The amount of gas required by prolonged Air Force operations likely could not be delivered by aircraft alone. Walton and Clark estimated that if the Air Force wanted 18 aerial tankers to operate from Tinian, a small island in the Pacific, the site would require about half a million barrels of fuel per month. Many small airfields in the Pacific, including the one at Tinian, do not have the infrastructure to hold that amount of gas, they wrote. 

That means the Department of Defense should build “environmentally compliant hardened underground fuel stores,” which, while costly, would give the military access to assured stocks of fuel that would be more difficult for an adversary to destroy, Walton and Clark argued.

Even if the military built those underground fuel stores, the stockpiles likely would not last through a protracted conflict. That means the Department of Defense needs a robust fleet of maritime tankers to move enough gas across the ocean to sustain operations—but America’s tanker fleet is not in great shape. A study required by the 2020 National Defense Authorization Act found that the U.S. government was relying too heavily on foreign-flagged tankers, which could be risky in a contested environment.

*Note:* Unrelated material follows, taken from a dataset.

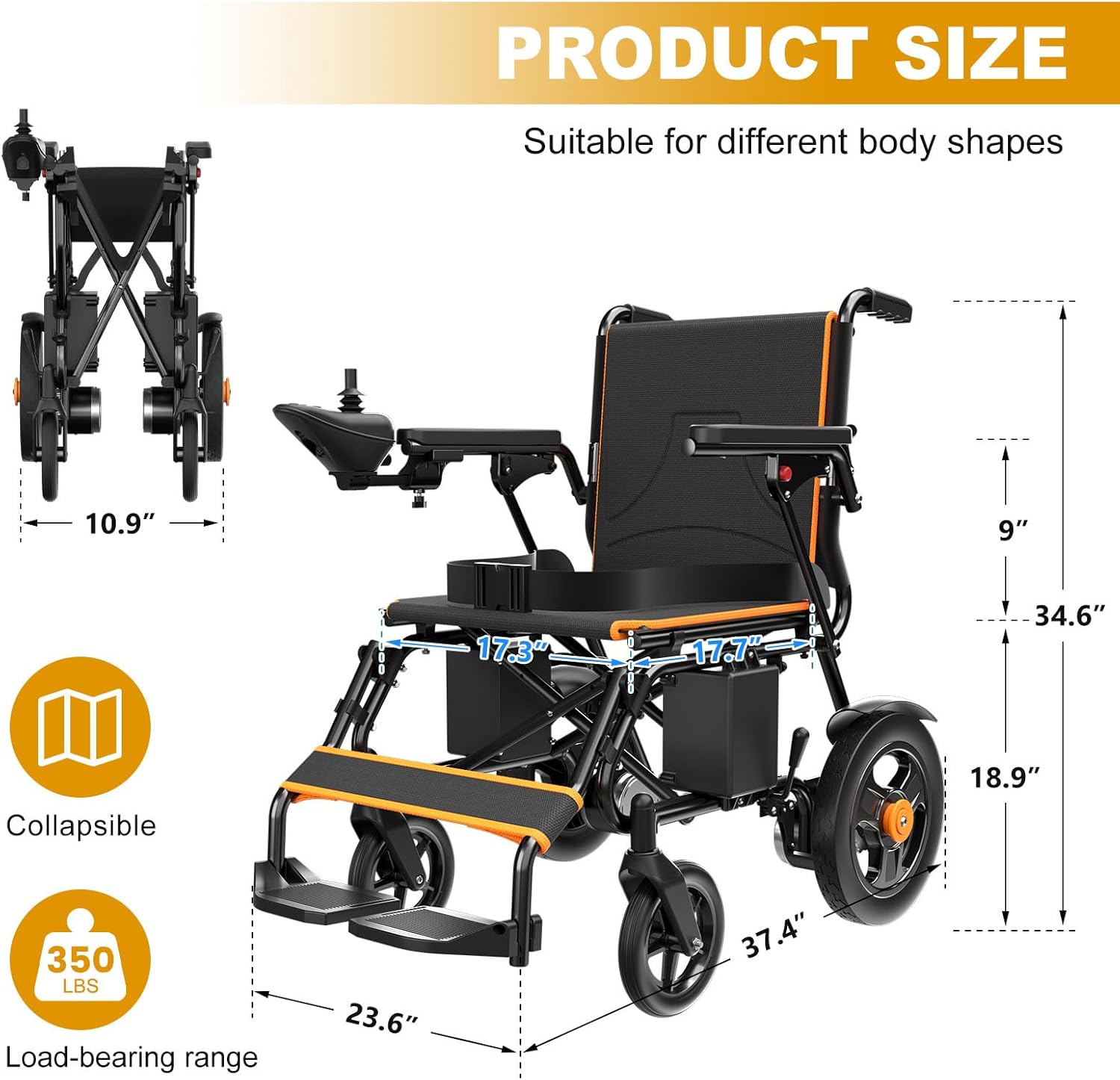 Foldable Electric Wheelchair with Dual Motor, 15-Mile Range, Lead-Acid Battery, 350 lb Capacity – Portable Mobility Chair for Adults
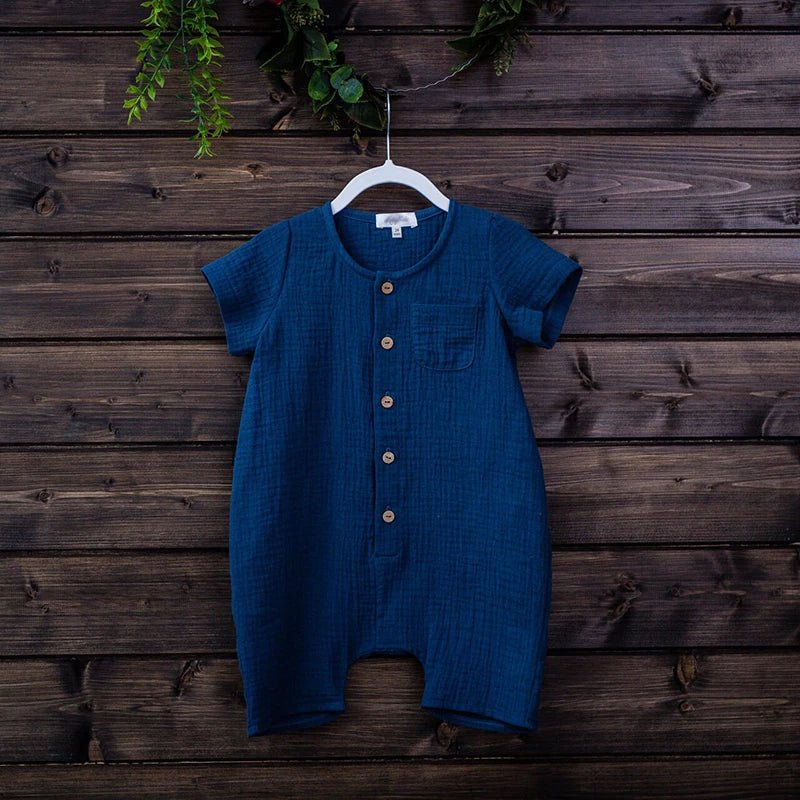 Newborn Baby Unisex Short Sleeves Romper Organic Cotton Crew Neck Navy Romper Bodysuit Unisex One-Piece Summer Romper Clothes - Baby Organic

In response, Congress directed the Secretary of Transportation to stand up the Tanker Security Program, which is meant to provide the military with access to 10 U.S.-registered tankers to use in times of war or emergency. But 10 ships may not be enough.

“Today, the United States military has access to only nine government and commercial tankers suitable for operations abroad, but it has projected it needs at least 80 tankers to transport fuel from oil refineries to American forces during a large war,” Walton and Clark argued in a 2020 opinion piece.

In the meantime, using transport aircraft to deliver relatively small amounts of fuel could play an important role, especially in the early stages of a campaign, Walton said. But sustaining that edge will require a strong maritime and overland fuel delivery infrastructure, as well as a robust network of aerial refueling platforms to make sure friendly aircraft can access gas mid-flight.

“I think we would likely do this in a conflict, but it will be important for the joint force to develop approaches to address the significant majority of its ground aerial refueling demands using maritime-delivered bulk fuel as opposed to aircraft-delivered bulk fuel,” Walton said.